Task to complete: Please copy each line of the listing that includes the string "room".

╔══

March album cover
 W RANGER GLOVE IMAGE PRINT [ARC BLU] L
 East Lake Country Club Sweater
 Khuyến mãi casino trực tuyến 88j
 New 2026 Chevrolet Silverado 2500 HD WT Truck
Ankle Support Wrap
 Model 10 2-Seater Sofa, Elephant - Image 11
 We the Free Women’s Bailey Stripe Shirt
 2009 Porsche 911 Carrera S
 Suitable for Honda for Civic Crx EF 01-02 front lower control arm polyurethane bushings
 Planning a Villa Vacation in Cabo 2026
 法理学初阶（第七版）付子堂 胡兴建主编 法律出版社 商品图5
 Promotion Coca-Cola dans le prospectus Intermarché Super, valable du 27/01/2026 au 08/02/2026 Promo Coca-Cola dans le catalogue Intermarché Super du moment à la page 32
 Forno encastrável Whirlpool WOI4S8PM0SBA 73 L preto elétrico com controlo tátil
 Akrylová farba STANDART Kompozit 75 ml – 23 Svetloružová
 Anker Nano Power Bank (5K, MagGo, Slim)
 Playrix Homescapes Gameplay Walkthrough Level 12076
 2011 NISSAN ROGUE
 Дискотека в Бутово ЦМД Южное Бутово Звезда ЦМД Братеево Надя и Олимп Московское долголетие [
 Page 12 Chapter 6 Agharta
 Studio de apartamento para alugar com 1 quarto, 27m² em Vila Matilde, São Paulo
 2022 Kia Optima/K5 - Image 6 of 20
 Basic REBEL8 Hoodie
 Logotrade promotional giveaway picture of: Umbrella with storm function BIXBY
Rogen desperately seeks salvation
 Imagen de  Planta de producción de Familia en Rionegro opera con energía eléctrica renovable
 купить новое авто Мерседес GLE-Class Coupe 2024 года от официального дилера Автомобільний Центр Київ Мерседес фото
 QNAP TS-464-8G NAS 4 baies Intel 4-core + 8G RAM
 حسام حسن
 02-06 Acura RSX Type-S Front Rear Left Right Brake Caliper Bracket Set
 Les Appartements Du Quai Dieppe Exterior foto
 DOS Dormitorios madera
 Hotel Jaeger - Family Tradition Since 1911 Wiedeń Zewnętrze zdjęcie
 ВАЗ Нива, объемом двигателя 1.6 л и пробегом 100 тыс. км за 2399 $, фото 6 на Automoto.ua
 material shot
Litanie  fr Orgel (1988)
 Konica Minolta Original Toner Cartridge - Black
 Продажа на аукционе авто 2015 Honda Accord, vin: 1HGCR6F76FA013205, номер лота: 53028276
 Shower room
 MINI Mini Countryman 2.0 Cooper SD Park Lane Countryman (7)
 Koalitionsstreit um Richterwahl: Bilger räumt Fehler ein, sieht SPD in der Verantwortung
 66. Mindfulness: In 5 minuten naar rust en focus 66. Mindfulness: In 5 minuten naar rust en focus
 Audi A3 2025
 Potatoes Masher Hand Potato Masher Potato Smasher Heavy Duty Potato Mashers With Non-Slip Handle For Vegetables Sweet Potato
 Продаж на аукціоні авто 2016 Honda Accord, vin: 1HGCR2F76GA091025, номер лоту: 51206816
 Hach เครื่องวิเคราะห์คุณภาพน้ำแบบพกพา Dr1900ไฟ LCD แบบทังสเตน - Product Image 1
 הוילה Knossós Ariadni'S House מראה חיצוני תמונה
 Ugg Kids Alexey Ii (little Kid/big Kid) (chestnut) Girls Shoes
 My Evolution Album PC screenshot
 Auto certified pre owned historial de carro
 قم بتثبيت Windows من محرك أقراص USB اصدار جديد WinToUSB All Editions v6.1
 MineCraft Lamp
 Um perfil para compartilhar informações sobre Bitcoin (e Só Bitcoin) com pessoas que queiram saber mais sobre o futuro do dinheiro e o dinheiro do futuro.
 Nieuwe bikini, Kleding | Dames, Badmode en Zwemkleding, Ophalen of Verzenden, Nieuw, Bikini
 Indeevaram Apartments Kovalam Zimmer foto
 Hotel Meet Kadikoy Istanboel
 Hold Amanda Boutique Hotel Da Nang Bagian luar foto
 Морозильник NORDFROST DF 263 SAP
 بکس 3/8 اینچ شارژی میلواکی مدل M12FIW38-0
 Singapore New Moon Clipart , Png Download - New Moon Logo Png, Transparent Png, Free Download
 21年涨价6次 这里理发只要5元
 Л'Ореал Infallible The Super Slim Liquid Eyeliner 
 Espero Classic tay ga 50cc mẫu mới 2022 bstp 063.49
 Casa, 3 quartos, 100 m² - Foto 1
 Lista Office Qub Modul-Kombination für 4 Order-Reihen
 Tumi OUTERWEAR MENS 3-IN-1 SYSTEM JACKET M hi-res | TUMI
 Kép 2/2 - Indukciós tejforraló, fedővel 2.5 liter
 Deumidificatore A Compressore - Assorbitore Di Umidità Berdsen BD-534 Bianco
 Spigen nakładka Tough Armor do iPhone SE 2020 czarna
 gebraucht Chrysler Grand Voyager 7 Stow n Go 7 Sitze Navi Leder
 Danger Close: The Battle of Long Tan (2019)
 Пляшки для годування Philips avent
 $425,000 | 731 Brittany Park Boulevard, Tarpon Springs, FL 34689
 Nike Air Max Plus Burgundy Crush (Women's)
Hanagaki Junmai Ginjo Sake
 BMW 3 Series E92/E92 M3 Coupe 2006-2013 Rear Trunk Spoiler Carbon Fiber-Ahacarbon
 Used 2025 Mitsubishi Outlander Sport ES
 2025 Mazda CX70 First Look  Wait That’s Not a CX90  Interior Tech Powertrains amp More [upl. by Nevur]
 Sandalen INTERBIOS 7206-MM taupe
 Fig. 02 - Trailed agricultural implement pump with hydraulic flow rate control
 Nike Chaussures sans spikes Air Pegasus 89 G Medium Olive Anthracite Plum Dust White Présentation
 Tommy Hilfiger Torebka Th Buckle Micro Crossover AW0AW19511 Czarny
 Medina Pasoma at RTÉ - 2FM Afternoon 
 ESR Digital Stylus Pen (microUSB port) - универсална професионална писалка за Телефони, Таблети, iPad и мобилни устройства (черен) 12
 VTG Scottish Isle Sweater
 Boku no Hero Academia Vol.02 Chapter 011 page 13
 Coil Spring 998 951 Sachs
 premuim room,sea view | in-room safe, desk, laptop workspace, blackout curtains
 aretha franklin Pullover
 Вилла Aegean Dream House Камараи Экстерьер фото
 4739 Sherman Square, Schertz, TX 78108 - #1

╚══

Finished exercise:
 Shower room
 premuim room,sea view | in-room safe, desk, laptop workspace, blackout curtains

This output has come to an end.